Input material below:
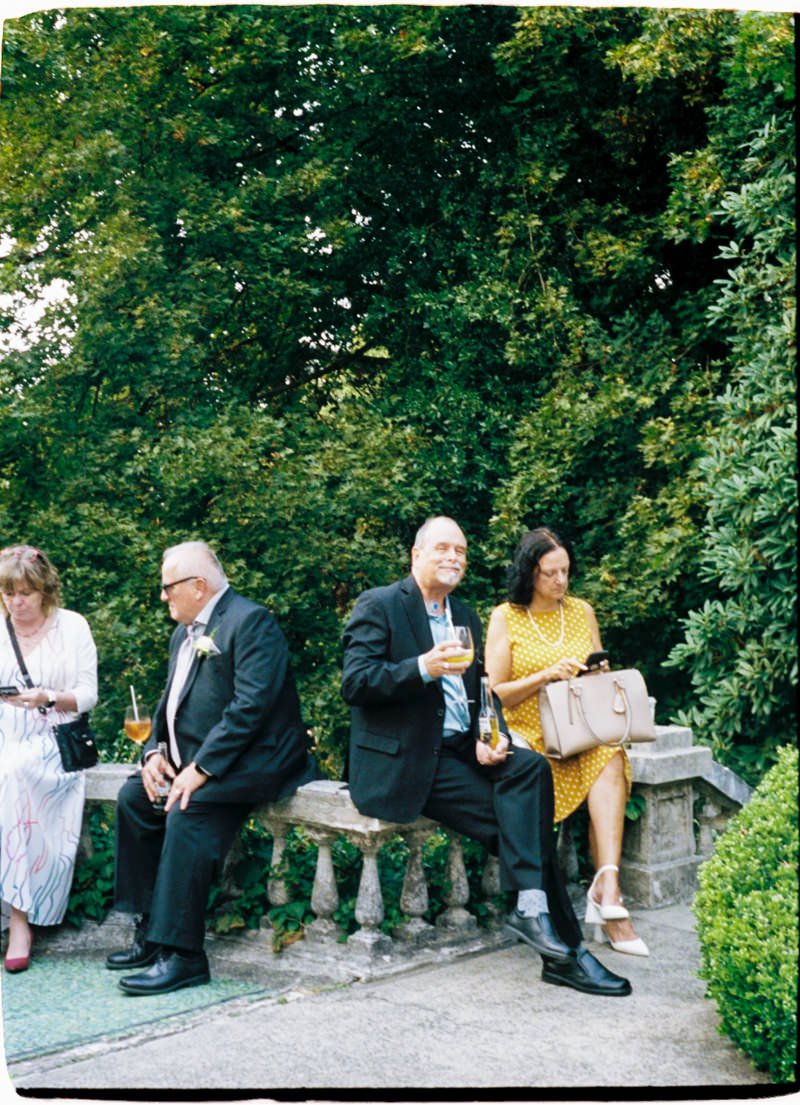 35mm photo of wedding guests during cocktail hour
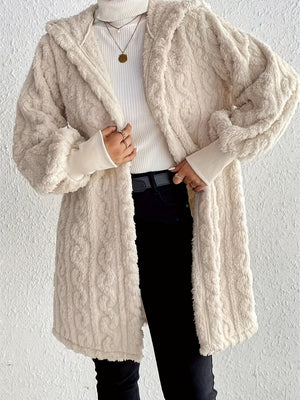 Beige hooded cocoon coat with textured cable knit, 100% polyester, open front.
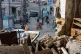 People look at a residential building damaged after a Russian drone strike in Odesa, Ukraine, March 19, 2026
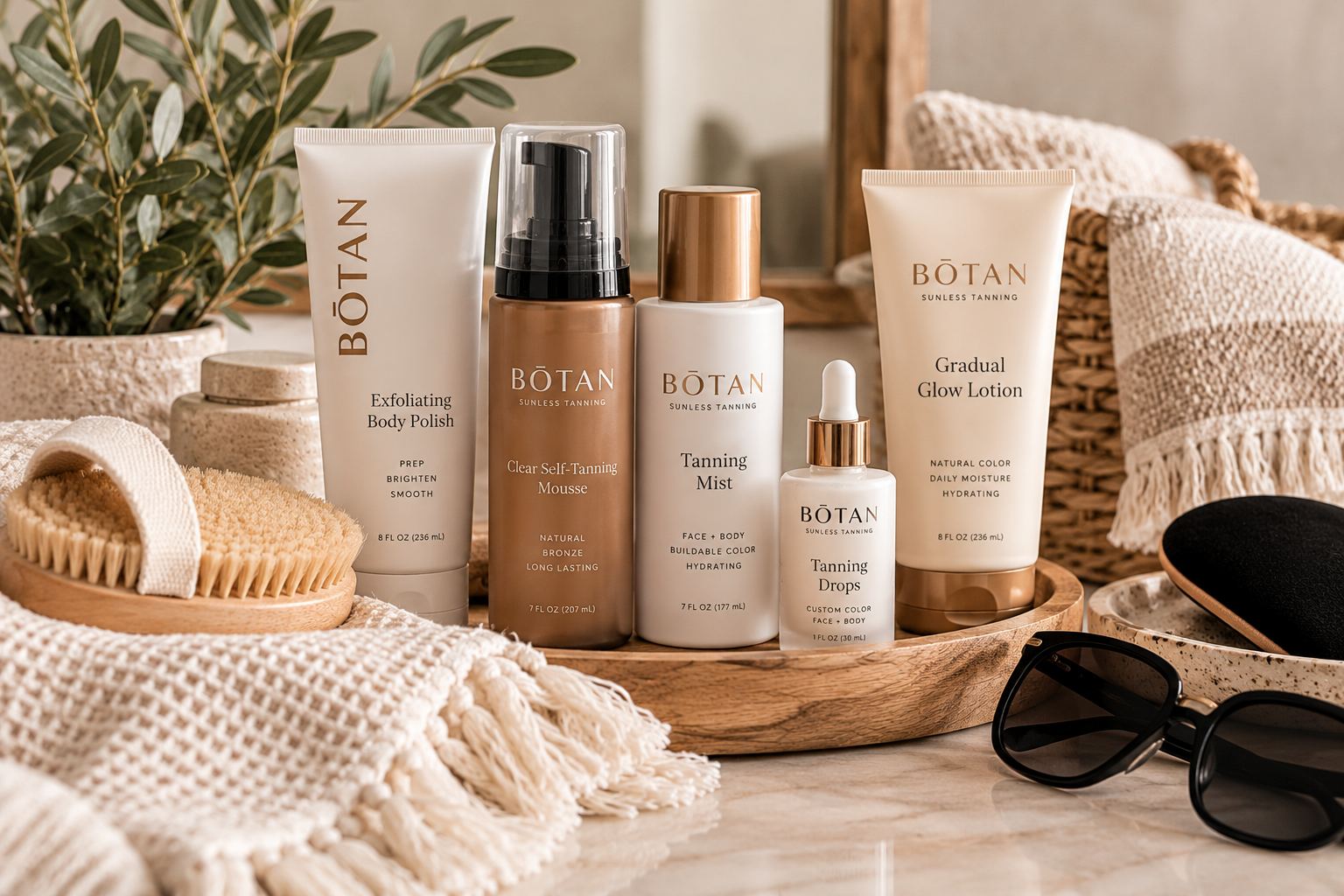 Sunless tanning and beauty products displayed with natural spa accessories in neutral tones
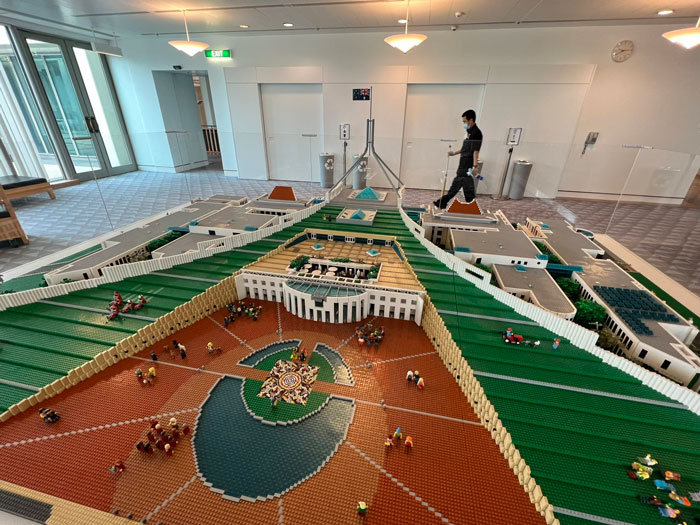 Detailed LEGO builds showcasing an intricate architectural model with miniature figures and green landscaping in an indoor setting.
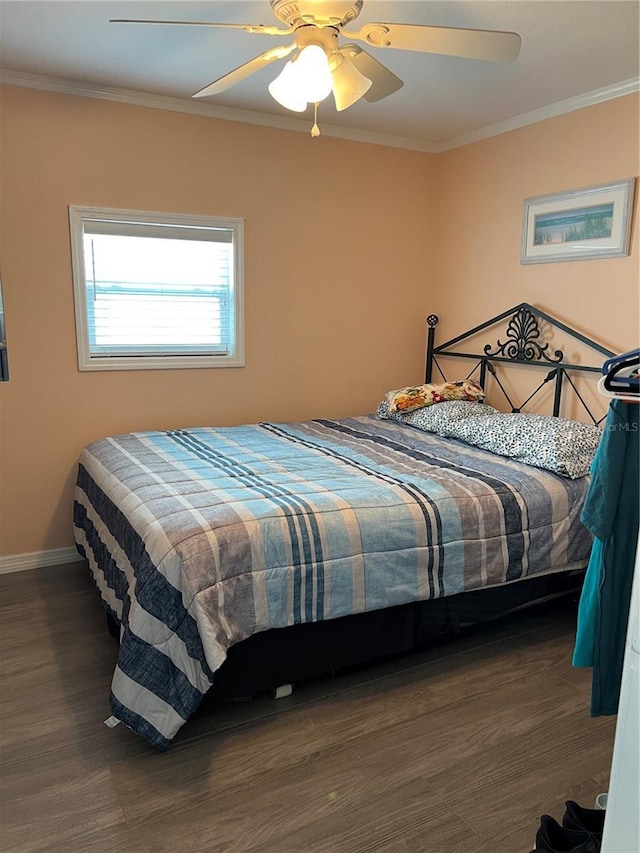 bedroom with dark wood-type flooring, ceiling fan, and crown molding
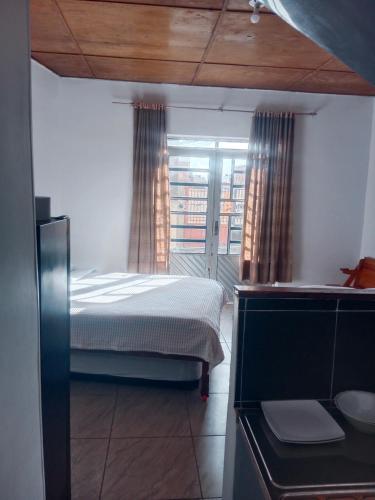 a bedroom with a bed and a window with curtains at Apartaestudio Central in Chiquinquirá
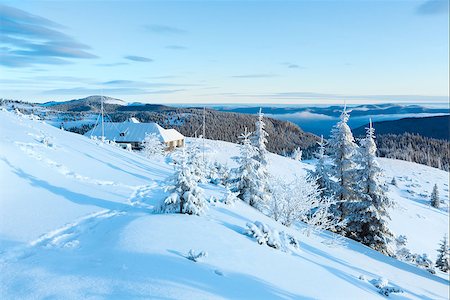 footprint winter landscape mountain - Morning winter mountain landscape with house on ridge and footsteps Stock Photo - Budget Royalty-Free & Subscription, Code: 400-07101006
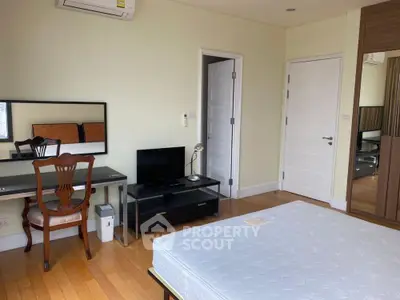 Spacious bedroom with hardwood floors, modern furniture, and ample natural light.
End of Input material.
## [Work request]
Print every line above once more, exactly. Omit the pictures.

## [Answer for this exercise]
 35mm photo of wedding guests during cocktail hour
 Beige hooded cocoon coat with textured cable knit, 100% polyester, open front.
 People look at a residential building damaged after a Russian drone strike in Odesa, Ukraine, March 19, 2026
 Sunless tanning and beauty products displayed with natural spa accessories in neutral tones
 Detailed LEGO builds showcasing an intricate architectural model with miniature figures and green landscaping in an indoor setting.
 bedroom with dark wood-type flooring, ceiling fan, and crown molding
 a bedroom with a bed and a window with curtains at Apartaestudio Central in Chiquinquirá
 footprint winter landscape mountain - Morning winter mountain landscape with house on ridge and footsteps Stock Photo - Budget Royalty-Free & Subscription, Code: 400-07101006
 Spacious bedroom with hardwood floors, modern furniture, and ample natural light.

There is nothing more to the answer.